Opportune points of departure for exploring the dynamics of representation, such as led to Peirce's theories of inference and information, inquiry and signs, are those that he took for his own springboards. Perhaps the most significant influences radiate from points on parallel lines of inquiry in Aristotle's work, points where the intellectual forerunner focused on many of the same issues and even came to strikingly similar conclusions, at least about the best ways to begin. To keep on course to a more solid basis for understanding Peirce, it serves to consider the following loci in Aristotle:

* The basic terminology of psychology, in On the Soul.

* The founding description of sign relations, in On Interpretation;

* The differentiation of the genus of reasoning into three species of inference that are commonly translated into English as abduction, deduction, and induction, in the Prior Analytics.

In addition to the three elements of inference, that Peirce would assay to be irreducible, Aristotle analyzed several types of compound inference, most importantly the type known as 'reasoning by analogy' or 'reasoning from example', employing for the latter description the Greek word 'paradeigma', from which we get our word 'paradigm'.

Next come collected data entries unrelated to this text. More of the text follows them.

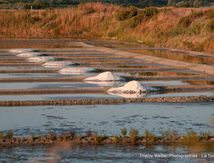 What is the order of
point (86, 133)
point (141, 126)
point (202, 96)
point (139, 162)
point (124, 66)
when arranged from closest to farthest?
point (139, 162), point (86, 133), point (141, 126), point (202, 96), point (124, 66)

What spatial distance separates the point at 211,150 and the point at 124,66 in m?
16.4

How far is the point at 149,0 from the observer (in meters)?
101

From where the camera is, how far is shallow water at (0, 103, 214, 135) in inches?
551

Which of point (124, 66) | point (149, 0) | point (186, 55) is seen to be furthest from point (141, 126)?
point (149, 0)

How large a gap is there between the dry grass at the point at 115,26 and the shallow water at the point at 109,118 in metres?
18.4

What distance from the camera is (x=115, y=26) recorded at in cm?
5138

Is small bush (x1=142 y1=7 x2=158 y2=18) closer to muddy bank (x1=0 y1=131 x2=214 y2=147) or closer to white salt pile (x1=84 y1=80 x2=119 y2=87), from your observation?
white salt pile (x1=84 y1=80 x2=119 y2=87)

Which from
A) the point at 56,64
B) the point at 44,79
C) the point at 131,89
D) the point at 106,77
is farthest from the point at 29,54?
the point at 131,89

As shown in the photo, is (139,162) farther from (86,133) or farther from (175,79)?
(175,79)

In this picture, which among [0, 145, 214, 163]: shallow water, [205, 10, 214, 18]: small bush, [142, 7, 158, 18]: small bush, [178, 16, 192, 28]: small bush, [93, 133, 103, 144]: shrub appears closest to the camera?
[0, 145, 214, 163]: shallow water

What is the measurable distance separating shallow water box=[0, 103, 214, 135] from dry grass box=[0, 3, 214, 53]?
18.4m

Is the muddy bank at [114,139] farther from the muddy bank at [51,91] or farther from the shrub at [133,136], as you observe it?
the muddy bank at [51,91]

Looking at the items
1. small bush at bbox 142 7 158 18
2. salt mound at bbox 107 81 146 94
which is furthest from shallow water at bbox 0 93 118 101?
small bush at bbox 142 7 158 18

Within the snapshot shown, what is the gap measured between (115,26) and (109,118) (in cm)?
3648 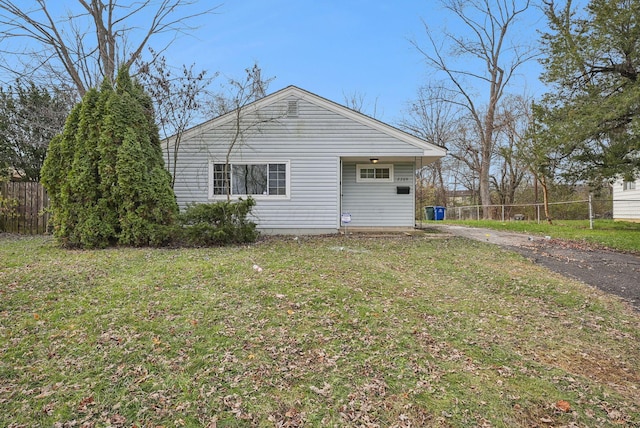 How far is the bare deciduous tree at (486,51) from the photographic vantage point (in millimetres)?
20609

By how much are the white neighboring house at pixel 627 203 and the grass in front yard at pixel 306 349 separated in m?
16.0

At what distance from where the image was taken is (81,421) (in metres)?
2.21

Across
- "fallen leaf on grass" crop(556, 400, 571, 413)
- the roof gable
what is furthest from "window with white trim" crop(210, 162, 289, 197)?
"fallen leaf on grass" crop(556, 400, 571, 413)

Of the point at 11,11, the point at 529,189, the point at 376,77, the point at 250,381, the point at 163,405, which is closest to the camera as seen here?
the point at 163,405

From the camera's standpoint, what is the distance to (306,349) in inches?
124

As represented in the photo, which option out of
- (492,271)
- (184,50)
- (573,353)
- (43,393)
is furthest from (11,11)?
(573,353)

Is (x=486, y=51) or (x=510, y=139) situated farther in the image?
A: (x=510, y=139)

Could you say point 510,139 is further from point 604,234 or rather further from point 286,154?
point 286,154

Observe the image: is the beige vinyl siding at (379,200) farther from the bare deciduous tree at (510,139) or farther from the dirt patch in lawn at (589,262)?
the bare deciduous tree at (510,139)

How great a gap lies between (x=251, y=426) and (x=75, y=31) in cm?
1557

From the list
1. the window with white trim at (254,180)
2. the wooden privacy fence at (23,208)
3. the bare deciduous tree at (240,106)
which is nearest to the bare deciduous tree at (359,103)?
the bare deciduous tree at (240,106)

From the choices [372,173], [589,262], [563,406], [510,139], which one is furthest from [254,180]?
[510,139]

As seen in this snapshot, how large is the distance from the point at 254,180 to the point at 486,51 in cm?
1828

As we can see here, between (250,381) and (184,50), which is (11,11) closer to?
(184,50) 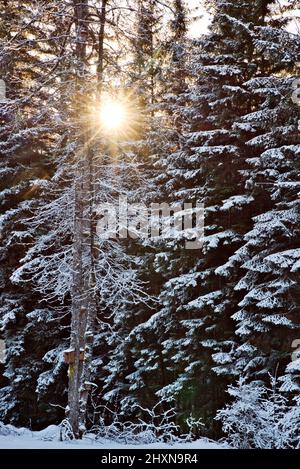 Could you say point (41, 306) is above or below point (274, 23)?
below

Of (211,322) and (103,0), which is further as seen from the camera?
(211,322)

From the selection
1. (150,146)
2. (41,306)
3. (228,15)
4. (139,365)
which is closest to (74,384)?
(139,365)

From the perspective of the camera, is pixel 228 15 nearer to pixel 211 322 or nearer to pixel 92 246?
pixel 92 246

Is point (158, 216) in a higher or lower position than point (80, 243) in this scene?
higher

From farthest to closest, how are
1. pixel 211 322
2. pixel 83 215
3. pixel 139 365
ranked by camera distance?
1. pixel 139 365
2. pixel 211 322
3. pixel 83 215

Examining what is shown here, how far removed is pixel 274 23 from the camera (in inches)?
533

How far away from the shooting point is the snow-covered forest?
10.8m

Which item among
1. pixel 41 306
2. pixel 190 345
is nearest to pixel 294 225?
pixel 190 345

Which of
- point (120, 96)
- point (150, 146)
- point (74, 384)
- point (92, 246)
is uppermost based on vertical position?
point (150, 146)

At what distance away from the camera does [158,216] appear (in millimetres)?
Result: 15219

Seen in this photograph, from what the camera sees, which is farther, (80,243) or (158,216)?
(158,216)

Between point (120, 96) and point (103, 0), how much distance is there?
2307mm

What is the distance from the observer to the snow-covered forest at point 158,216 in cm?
1080

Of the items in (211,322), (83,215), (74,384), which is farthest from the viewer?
(211,322)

Inquiry is a form of reasoning process; it institutes a specially conducted way, manner, style, or turn of thinking. Philosophers of the school that is commonly called 'pragmatic' hold with Peirce that "all thought is in signs, where 'sign' is the word for the broadest conceivable variety of indices, semblances, signals, symbols, formulas, texts, and so on up the line, that might be imagined. Even intellectual concepts and mental ideas are held to be a special class of signs, corresponding to internal states of the thinking agent that both issue in and result from the interpretation of external signs.

The subsumption of inquiry within reasoning in general and the inclusion of thinking within the class of sign processes let us approach the subject of inquiry from two different perspectives:

* The syllogistic approach treats inquiry as a species of logical process, and is limited to those of its aspects that can be related to the most basic laws of inference.

* The sign-theoretic approach views inquiry as a genus of semiosis, an activity taking place within the more general setting of sign relations and sign processes.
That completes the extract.